There's a difference between an independent journalist and a citizen
journalist. The terms are not interchangeable.

Josh Marshall (TPM) is an independent journalist. He is not a citizen
journalist. He does this for a living and lives off the fruit of it. Arrington
is not a citizen journalist either. I agree that independent journalists
(essentially, journalism startups) will become increasingly important. But
that's different from citizen journalism.

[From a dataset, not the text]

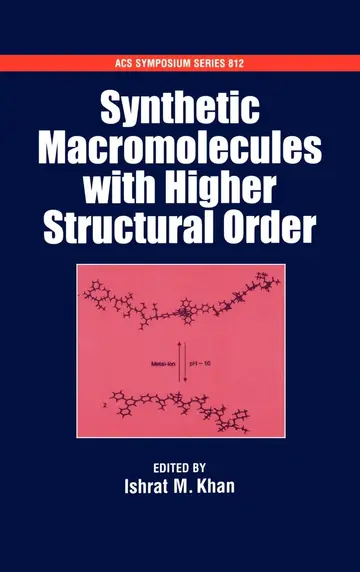Cover of Synthetic Macromolecules with Higher Structural Order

Furthermore, while many citizen journalists are independent, I would argue
that many aren't. What about the folks uploading to CNN's iReport? They're
working for the mainstream press.

-"I'm having a hard time seeing how you are rationalizing that news orgs like CNN or NBC are not comprised of iffy product placement and factual errors."

There are instances of sketchy product placement and certainly factual errors
in the mainstream press.

However, there are also mechanisms for dealing with these when they're
exposed. People lose their jobs. Have their pay docked. Get moved to other
assignments. Lose face with the public. They also get sued...all the time.

Citizen Journalism, on the other hand, is, by definition, the wild west.

I am constantly underwhelmed by the stuff I read on blogs and on Twitter. It's
all marketing. And it's often disguised as editorial. Ever been to a "tweet-
up"? The one's I've attended consisted of dozens of people talking about how
to talk to people on twitter. Ugh.

The mainstream media screws up all the time. But at least there's people there
committed to NOT screwing up.

As per your last point...what are these "better sources of news" that you
speak of? I'm always interesting in finding new stuff to read. If you've got
some great links, please share them.

So I think we're on the same page regarding independent journalists. We're
only going to see more Talking Points Memo's and the like.

But I'm still very skeptical about citizen journalism as a tranformative force
unto itself, based on months of watching the local scene here in Chicago.
There are some great blogs here, but none that are really capable of carrying
the torch for a newspaper if it went under.